Hass der Hymnen
Schwer zu begreifen, warum die Zivilisationsmaschine EU zu laute Staubsauger verbietet, aber sowas nicht: „Zu den Waffen, Bürger! / Schließt die Reihen, / Vorwärts, marschieren wir! / Das unreine Blut / Tränke unserer Äcker Furchen!“
Auf Twitter würde solcher Rassismus als Hatespeech geblockt. In Frankreich singt man es als Nationalhymne. Gut, möchte man zur Rechtfertigung vorbringen, der Zweck heiligte im historischen Kontext die Mittel; wo schließlich hätte die Französische Revolution ohne ein paar abgeschlagene Köpfe hingeführt, und wo wäre Europa gelandet ohne Französische Revolution?
Aber warum müssen auch die Belgier nach Bluttränke rufen? Sie singen: „O liebes Land, o Belgiens Erde, (...), / Dir unser Blut, dem Heimatherde.“ Und wessen Herzen glauben die Portugiesen zu erobern mit: „An die Waffen, die Waffen, / Zu Land und zur See“?
Gewaltfantasien aus vermutlich homerischem Erbe frönt bis heute die griechische Hymne: „Ich erkenn’ dich an der Klinge / deines Schwerts, der furchtbaren.“
Laut der ungeschriebenen EU-Kulturgrundverordnung unterscheidet sich (erlaubter) Patriotismus vom (verbotenen) Nationalismus dadurch, dass der Patriot die Liebe anderer Bürger zu einem anderen Land durchaus anerkennt, während der Nationalist sich durch Herabsetzung abgrenzt.

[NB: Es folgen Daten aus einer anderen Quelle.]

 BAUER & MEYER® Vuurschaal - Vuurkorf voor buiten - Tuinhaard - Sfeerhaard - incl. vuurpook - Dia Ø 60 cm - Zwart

Das kriegen auch die ansonsten durchgezähmten Iren noch nicht ganz hin. Keine Frage, sie sind gebeutelt und haben allen Grund, schwere Melancholiker zu sein. Aber seien wir froh, dass sie in WM-Stadien eher zum romantischen „Fields Of Athenry“ neigen als zu ihrem offiziellen Nationallied, dem märtyrerverliebten „Soldier’s Song“: „Soldaten sind wir, unser Leben gehört Irland!“ Und in der dritten (meist ungesungenen) Strophe: „Out yonder waits the Saxon foe“ (da draußen wartet der angelsächsische Feind).
Kelten und Romanen sind offenbar Geistesverwandte in nationaler Opferbereitschaft. Wir hören Italien: „Wir sind bereit zum Tod, / Italien hat gerufen!“ Und Rumänien: „Priester, geht voraus, mit den Kreuzen, denn das Heer ist christlich, / Die Devise heißt Freiheit, und der Zweck ist hochheilig, / Lieber glorreich in der Schlacht sterben, / Als wieder Sklaven auf unserem alten Boden zu sein!“ Beim Eurovision Song Contest hätte all das wenig Chancen.
Wir lernen: Im EU-Hymnen-Kapitel ist noch reichlich Harmonisierungsplatz nach oben. Irgendwann, wenn der letzte Staubsauger runtergeregelt ist, wird ein unterbeschäftigter EU-Kommissionsbeamter die Sache entdecken – und schaudern.
Jochen Bittner ist Redakteur der ZEIT.